#### [Input data]
______
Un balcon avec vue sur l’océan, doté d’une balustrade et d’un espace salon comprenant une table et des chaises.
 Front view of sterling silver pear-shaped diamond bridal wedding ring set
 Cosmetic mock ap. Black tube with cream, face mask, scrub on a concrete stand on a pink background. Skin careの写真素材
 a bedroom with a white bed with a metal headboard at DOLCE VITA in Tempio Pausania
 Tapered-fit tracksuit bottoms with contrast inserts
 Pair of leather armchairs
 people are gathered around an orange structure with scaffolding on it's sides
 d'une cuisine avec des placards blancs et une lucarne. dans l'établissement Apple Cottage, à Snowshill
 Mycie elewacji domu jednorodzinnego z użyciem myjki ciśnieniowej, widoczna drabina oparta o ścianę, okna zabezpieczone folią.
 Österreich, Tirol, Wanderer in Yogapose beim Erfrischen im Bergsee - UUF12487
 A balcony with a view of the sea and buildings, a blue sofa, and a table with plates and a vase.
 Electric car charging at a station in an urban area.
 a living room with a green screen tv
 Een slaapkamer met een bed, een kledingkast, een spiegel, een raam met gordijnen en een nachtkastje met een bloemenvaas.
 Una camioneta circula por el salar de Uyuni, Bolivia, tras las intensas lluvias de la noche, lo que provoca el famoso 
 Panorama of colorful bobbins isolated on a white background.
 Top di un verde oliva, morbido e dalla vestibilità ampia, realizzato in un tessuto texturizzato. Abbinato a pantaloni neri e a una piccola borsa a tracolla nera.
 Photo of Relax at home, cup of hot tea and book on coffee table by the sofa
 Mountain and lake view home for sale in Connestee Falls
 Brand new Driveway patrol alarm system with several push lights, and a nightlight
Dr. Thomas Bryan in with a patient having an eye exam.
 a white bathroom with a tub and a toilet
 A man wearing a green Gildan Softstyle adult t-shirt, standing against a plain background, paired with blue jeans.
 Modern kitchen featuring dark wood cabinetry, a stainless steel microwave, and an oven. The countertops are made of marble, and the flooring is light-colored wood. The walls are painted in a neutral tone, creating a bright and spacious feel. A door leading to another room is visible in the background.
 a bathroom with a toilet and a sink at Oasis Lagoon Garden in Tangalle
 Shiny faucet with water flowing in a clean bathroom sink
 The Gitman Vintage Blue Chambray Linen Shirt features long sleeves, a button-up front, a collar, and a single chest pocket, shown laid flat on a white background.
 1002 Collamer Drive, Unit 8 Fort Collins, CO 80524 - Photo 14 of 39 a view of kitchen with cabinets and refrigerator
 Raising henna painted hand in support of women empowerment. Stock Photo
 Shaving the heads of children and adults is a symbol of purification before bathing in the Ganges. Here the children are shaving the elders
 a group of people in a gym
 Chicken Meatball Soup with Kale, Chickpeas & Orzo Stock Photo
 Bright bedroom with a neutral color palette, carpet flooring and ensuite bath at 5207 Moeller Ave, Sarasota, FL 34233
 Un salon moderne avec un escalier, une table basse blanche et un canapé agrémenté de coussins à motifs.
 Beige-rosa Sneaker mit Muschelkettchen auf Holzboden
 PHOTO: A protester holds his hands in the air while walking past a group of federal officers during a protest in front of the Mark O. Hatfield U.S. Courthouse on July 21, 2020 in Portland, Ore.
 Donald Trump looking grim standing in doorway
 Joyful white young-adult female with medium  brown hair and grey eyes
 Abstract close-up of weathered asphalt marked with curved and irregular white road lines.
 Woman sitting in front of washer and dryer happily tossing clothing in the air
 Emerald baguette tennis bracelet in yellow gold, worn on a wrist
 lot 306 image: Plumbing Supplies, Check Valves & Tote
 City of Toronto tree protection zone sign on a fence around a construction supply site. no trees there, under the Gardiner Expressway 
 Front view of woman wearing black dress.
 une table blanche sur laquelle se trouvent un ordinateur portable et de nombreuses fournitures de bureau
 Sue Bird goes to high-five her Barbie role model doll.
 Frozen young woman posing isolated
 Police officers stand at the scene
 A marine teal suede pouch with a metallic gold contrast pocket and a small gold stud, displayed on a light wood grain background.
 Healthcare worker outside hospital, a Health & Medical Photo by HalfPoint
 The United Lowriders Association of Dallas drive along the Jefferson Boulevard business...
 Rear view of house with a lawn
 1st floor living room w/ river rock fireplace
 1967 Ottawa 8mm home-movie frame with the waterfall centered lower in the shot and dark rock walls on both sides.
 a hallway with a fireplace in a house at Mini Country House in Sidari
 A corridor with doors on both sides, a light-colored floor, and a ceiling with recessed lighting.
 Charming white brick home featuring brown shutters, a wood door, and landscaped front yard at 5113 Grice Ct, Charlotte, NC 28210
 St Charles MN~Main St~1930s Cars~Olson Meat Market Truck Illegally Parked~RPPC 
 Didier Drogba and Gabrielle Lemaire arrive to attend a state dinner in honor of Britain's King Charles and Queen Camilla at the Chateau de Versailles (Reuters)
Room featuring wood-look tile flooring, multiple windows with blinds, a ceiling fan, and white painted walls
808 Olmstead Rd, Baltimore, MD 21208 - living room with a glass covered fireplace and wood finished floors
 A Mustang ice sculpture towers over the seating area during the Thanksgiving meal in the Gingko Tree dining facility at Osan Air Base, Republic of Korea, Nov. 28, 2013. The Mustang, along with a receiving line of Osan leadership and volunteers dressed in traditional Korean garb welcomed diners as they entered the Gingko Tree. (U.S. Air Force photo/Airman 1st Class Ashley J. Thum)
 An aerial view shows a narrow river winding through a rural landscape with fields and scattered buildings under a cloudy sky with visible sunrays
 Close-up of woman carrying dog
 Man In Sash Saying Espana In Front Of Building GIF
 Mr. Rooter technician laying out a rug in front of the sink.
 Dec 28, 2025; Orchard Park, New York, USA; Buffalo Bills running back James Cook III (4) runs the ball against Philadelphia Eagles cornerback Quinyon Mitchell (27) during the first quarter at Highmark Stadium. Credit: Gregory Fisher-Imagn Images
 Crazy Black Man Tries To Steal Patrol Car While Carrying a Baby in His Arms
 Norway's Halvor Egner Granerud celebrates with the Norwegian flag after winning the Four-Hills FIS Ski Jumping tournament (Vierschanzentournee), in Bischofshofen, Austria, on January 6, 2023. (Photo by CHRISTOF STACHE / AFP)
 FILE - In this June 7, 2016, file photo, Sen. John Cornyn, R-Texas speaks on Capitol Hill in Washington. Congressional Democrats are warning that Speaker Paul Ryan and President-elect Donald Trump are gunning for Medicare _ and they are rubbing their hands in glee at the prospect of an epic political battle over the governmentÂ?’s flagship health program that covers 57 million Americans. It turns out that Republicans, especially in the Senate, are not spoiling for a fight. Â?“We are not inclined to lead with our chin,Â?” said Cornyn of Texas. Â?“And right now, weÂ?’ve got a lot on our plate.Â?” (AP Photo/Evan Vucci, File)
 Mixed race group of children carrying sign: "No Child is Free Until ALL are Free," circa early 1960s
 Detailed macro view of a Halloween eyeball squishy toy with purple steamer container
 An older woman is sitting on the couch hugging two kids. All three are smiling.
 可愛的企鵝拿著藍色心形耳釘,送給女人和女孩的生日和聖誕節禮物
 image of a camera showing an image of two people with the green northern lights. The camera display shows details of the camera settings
______
#### [What needs to be done]
The expected answer holds each line from the listing above where the string "sink" is present.

#### [Final answer]
 a bathroom with a toilet and a sink at Oasis Lagoon Garden in Tangalle
 Shiny faucet with water flowing in a clean bathroom sink
 Mr. Rooter technician laying out a rug in front of the sink.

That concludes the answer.